I've recently been reading Patrick O'Brian's Aubrey/Maturin books and in The Fortune of War, it is mentioned that all the American ships were crewed by "volunteers" - which I understood in the context to mean people who signed up willingly - which was different to the Royal Navy's approach. It seems from what I've read (and I understand O'Brian did his research) that new hands on a Royal Navy ship were either criminals or pressed into the service.
So what I'm wondering is the actual process involved in pressing crews. Could the navy recruit/press pretty much just anyone they liked (who was male and working class)? How did they go about the process?

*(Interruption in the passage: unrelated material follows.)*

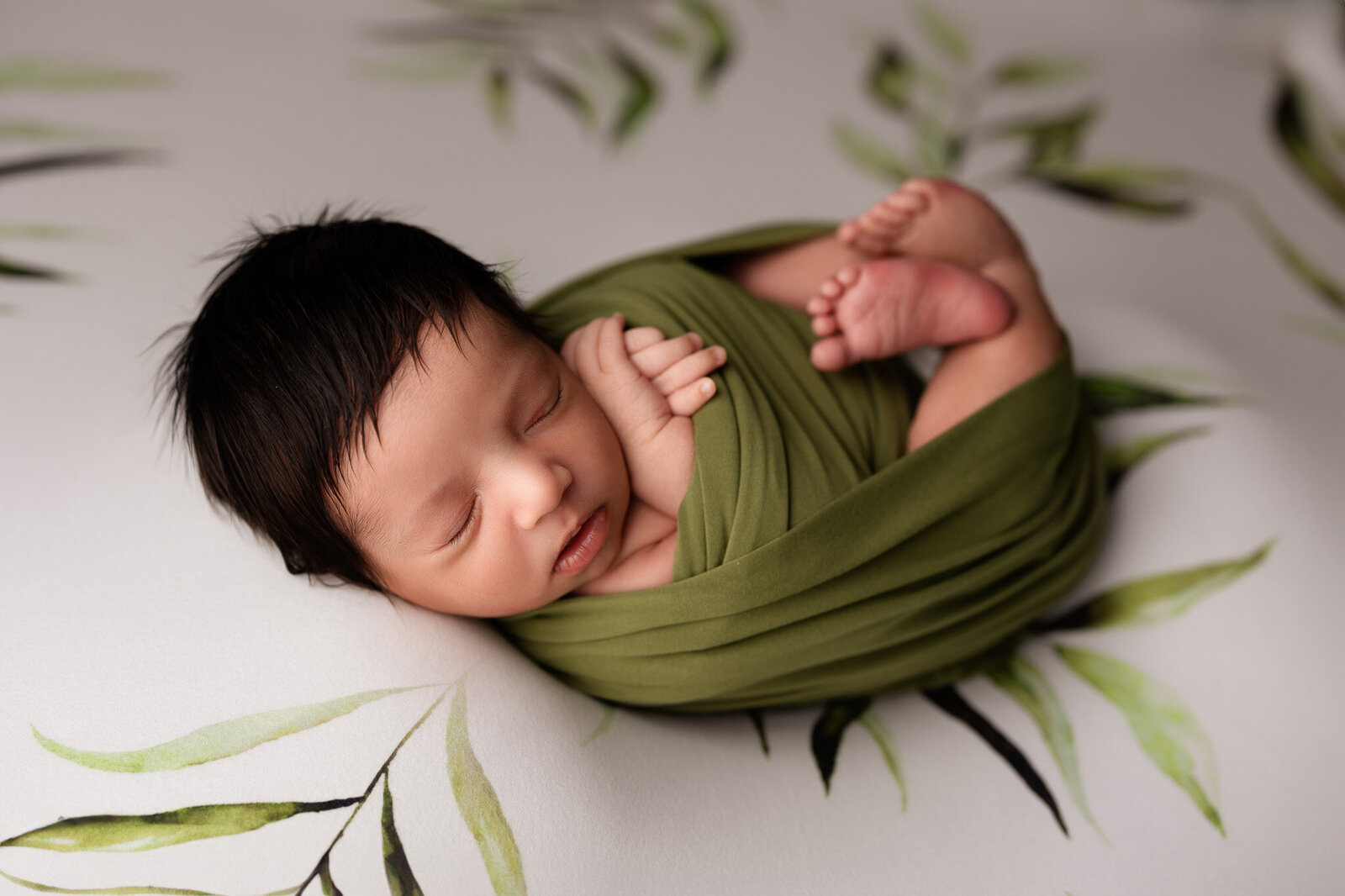 Baby boy with a full head of black hair, wrapped up in an olive green wrap and posed on a backdrop with a green leaf pattern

There were volunteers in the royal navy as well - especially skilled craftsmen such as carpenters, barrelmakers and ropemakers could make a decent sum working on a royal navy vessel, and the workload and food was usually better aboard a warship than it was aboard a merchantman. However, much of the crew was indeed pressed into service (ie conscripted).
The law allowed the royal navy to press any sailor between the age of 18 and 45 into service in the royal navy. Press gangs were usually sent aboard merchant vessels and into the harbours and forcibly took sailors (and rarely, non-sailors) to serve aboard royal navy ships.
Having a severe manpower shortage, the royal navy routinely stopped US merchant vessels and searched them for British subjects during the Napoleonic war - and the royal navy often took a very liberal aproach to who was a British subject - if you were born as such, you were such, which meant that most grown US citizens qualified. Thus the royal navy pressed plenty of US citizens into service - which was one of the reasons for the War of 1812.